ACTA Gironde – Antispécisme, Véganisme et Droits des Animaux

L’expérimentation animale en France – Quelques exemples récents…

Face aux critiques sur l’expérimentation animale, on entend souvent, comme pour beaucoup de formes d’exploitation des animaux, que la France a une réglementation particulièrement dure en la matière. Il est ainsi souvent dit que les animaux sont bien traités, qu’on en réduit le nombre et qu’on raffine les expériences pour qu’elles soient le moins douloureuses et les moins stressantes possibles pour les animaux. On laisse entendre que les expériences et les images des années 1970 sont bien loin derrière nous, et que les expériences menées aujourd’hui sont absolument nécessaires. Quelques exemples de publications très récentes d’équipes françaises, ou impliquant des équipes françaises, voire bordelaises, pourront aider à reconsidérer ces affirmations.

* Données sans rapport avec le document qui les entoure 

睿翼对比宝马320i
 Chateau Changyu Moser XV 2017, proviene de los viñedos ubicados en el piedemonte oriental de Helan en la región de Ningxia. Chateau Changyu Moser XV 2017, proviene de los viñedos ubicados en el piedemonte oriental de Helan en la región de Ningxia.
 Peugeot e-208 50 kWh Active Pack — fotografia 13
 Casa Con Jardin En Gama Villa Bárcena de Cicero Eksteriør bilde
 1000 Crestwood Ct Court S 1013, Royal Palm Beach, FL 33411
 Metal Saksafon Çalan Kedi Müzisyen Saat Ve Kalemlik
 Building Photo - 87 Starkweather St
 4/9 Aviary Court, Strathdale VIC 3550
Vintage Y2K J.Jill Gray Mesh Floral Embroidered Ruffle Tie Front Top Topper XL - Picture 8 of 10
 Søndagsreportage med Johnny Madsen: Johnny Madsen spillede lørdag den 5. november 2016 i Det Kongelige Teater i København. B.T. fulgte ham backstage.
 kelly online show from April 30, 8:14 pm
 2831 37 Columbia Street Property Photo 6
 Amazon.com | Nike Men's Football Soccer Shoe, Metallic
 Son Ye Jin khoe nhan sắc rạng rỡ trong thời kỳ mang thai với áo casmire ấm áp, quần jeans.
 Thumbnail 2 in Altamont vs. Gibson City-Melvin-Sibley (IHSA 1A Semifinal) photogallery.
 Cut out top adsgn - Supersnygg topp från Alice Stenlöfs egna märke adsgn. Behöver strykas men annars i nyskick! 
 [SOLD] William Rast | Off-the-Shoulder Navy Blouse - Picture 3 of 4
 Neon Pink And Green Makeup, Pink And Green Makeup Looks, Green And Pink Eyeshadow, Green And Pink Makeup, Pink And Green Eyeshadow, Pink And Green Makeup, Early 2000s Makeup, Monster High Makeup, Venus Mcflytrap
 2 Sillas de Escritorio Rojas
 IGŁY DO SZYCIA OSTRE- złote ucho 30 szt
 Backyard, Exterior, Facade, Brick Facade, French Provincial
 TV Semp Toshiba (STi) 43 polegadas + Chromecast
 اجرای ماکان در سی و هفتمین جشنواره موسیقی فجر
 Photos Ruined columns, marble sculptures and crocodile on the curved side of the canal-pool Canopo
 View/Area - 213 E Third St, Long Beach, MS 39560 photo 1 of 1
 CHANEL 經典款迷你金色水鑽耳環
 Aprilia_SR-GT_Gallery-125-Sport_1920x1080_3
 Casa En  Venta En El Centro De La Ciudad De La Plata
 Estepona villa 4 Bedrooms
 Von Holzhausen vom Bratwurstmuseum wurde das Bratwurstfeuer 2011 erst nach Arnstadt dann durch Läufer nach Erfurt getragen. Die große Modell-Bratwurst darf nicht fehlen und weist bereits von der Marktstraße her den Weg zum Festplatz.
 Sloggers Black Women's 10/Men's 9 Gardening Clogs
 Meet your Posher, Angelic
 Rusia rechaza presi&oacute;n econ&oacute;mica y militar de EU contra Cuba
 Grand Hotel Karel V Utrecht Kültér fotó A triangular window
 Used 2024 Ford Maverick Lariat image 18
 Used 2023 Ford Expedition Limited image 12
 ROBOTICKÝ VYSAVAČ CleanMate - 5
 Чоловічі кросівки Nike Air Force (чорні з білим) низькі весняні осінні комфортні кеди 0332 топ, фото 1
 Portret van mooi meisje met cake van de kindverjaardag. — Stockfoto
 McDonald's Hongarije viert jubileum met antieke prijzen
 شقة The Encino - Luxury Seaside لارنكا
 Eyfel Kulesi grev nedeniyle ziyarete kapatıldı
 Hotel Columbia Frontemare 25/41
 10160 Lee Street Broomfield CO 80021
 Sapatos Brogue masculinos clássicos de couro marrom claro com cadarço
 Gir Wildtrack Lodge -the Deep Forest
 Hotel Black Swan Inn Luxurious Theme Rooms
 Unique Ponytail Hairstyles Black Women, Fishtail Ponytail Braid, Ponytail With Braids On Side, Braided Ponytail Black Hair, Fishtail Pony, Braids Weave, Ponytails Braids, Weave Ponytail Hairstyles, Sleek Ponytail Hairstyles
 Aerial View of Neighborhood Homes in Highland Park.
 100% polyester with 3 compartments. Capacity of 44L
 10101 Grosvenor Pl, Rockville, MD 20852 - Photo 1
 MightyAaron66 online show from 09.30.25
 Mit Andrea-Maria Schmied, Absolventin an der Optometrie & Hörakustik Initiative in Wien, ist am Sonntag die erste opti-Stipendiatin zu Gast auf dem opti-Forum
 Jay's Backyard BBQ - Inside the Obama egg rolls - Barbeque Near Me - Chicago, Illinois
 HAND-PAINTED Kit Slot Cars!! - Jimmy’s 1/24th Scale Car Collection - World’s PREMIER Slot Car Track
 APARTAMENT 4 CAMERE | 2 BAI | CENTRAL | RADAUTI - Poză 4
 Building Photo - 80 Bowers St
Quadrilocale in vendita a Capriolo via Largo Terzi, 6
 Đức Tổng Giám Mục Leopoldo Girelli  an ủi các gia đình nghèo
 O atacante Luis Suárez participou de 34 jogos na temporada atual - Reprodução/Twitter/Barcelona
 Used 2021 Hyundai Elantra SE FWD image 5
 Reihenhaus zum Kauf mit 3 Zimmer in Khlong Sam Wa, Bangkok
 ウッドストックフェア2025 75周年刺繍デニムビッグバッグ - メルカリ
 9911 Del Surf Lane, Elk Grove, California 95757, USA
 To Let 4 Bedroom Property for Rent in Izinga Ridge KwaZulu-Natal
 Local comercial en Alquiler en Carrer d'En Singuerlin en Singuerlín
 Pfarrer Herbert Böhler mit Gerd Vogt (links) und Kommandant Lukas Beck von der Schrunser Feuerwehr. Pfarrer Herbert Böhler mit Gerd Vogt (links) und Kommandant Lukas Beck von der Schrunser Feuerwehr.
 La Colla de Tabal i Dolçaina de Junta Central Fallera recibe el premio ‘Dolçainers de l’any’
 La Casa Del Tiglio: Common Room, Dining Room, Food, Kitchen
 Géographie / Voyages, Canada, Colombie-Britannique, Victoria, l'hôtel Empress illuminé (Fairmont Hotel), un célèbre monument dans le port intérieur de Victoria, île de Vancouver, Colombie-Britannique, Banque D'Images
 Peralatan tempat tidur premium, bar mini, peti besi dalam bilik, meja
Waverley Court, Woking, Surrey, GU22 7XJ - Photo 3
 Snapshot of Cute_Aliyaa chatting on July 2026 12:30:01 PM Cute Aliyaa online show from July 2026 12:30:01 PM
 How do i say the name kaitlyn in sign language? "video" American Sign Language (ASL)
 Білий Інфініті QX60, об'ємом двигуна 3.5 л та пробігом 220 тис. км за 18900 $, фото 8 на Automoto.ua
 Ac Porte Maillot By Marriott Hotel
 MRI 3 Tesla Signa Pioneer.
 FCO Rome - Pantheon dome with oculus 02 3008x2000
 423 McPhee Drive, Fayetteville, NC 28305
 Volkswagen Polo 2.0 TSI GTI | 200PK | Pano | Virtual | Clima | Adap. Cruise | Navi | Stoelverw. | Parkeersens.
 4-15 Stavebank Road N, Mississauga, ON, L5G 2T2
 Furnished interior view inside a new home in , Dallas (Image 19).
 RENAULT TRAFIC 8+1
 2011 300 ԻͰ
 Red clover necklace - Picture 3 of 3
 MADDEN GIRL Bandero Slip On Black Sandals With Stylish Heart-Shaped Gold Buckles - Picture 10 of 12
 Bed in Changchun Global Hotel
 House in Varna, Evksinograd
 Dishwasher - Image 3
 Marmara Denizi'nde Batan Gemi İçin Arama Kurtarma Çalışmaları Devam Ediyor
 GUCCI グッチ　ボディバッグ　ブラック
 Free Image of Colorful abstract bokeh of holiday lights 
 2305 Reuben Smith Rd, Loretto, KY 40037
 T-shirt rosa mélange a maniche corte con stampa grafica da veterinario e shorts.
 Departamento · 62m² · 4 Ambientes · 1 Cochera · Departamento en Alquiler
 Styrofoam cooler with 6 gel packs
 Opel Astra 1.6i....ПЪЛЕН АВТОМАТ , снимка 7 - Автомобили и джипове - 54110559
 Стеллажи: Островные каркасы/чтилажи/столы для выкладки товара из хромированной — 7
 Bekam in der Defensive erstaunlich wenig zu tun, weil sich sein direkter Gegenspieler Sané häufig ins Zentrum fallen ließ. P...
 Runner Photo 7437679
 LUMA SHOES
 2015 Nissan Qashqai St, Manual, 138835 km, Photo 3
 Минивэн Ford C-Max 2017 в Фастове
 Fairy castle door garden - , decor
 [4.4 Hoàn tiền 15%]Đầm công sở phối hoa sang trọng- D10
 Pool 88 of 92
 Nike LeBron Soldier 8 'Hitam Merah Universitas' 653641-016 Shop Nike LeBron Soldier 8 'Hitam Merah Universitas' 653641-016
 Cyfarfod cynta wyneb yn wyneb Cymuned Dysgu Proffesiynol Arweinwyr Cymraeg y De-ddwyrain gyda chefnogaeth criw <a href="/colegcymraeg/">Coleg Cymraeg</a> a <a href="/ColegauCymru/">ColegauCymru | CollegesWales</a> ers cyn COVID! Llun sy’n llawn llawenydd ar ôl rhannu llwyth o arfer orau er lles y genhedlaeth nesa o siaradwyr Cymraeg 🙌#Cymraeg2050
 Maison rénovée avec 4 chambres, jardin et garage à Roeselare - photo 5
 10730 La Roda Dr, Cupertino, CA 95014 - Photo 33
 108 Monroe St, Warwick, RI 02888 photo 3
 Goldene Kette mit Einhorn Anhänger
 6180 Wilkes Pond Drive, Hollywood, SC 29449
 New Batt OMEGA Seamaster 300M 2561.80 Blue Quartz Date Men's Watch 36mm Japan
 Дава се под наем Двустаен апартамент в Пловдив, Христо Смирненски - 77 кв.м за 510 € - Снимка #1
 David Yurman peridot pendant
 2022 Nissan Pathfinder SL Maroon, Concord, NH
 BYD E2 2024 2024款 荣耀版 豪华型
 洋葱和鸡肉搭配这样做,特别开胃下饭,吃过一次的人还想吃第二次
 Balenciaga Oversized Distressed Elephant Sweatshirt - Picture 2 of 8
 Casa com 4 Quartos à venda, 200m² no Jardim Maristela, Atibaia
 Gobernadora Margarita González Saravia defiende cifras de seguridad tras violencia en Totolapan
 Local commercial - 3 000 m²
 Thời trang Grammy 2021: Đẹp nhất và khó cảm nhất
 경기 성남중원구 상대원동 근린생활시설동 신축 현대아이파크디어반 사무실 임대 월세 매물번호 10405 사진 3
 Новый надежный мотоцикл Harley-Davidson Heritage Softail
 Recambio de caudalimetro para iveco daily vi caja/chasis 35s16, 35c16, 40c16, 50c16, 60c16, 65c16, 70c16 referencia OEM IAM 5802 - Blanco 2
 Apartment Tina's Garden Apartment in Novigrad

Études sur la maladie de Parkinson

À l’international, une équipe japonaise a testé des cellules souches iPS sur des macaques conçus comme modèles pour la maladie de Parkinson (Kikuchi et al. 2017). L’article parle de singes « traité·es au MPTP », le détail étant donné en fin d’article : sur 38 singes fournis par le SNBL (Nouveau Laboratoire Biomédical du Japon), l’équipe en a retenu 11, auxquels elle a administré la neurotoxine MPTP, « deux fois par semaine jusqu’à observer des symptômes parkinsoniens persistants, tels que des tremblements, une bradykinésie [lenteur et rigidité musculaire] et un équilibre instable. Ces symptômes parkinsoniens ont été observés pendant 12 semaines avant qu’un animal soit utilisé pour les expériences ». Les singes ont ensuite été observé·es (notamment en vidéo, sous IRM et via TEP) pendant 8 à 24 mois, avant d’être euthanasié·es. À l’été 2018, l’équipe a lancé un essai sur des patients humains, dont nous n’avons fin 2019 pas plus de nouvelles.

Qu’en est-il en France ?

L’Université de Grenoble, en collaboration avec l’Université de Sydney et avec le soutien de France Parkinson à hauteur de 120.000€, a également étudié des animaux rendus parkinsoniens par injection de MPTP (147 souris dans Reinhart et al. 2016 ; 22 macaques adultes dans El Massri et al. 2016). L’idée était de confirmer que l’exposition à une lumière infrarouge serait un facteur de protection neurologique et comportementale. Il semblerait que ce soit le cas.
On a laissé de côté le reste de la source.